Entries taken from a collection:
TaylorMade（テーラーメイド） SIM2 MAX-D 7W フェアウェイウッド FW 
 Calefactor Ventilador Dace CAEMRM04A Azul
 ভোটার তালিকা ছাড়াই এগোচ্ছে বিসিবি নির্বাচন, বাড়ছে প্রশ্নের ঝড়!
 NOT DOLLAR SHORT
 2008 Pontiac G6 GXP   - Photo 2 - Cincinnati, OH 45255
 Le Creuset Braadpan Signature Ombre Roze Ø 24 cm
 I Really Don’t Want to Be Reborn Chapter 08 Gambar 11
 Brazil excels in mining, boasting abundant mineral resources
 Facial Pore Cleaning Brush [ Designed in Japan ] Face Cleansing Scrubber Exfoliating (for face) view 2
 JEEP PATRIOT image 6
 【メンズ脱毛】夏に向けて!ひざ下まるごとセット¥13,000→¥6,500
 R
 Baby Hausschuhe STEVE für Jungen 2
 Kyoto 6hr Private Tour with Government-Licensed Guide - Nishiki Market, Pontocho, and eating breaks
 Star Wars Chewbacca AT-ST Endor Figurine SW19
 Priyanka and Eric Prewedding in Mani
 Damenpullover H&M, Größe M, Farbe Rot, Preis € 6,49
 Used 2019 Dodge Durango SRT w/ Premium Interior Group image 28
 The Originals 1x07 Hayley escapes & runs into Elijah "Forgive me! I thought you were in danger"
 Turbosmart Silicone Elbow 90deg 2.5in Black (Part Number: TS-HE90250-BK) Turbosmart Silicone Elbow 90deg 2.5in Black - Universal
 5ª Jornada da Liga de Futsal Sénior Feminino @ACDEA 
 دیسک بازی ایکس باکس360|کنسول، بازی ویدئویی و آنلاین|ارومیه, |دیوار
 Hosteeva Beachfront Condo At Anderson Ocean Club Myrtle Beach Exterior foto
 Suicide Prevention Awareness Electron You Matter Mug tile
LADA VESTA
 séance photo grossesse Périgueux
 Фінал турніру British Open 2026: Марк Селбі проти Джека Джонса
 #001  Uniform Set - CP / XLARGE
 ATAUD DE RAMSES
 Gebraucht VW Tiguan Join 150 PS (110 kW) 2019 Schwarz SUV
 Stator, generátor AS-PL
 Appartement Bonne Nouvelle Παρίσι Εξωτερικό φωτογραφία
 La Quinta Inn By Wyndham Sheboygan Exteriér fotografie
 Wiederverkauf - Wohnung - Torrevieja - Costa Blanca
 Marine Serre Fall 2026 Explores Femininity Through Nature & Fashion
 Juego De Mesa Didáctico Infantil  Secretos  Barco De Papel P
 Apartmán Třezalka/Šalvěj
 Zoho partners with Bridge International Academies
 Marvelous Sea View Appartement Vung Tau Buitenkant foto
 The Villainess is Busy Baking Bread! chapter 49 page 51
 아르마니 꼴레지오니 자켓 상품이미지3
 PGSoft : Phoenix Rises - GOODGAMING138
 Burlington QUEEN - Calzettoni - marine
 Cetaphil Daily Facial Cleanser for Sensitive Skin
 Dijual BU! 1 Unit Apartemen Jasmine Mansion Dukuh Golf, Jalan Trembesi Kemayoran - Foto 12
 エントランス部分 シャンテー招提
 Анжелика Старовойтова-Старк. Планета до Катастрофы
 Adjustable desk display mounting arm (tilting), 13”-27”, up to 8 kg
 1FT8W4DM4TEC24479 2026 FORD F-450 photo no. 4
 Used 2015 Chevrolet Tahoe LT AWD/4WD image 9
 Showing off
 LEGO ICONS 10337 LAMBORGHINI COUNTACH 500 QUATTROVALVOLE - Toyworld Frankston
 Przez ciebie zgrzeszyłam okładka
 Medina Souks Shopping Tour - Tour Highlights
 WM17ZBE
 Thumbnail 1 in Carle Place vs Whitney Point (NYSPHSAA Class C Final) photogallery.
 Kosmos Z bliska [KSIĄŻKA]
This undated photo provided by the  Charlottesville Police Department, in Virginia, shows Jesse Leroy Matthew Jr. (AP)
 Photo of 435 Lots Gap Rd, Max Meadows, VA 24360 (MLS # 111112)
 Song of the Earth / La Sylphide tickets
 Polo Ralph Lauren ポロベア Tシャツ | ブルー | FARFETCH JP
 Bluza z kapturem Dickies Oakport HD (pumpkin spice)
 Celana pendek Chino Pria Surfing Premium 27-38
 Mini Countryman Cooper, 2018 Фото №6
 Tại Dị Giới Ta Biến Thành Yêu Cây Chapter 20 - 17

→ **WHAT YOU ARE ASKED TO DO**
Return every line from the one holding "Celana pendek Chino" through the end of the data, exactly as it appears, with both ends kept and nothing else.

→ **ANSWER**
 Celana pendek Chino Pria Surfing Premium 27-38
 Mini Countryman Cooper, 2018 Фото №6
 Tại Dị Giới Ta Biến Thành Yêu Cây Chapter 20 - 17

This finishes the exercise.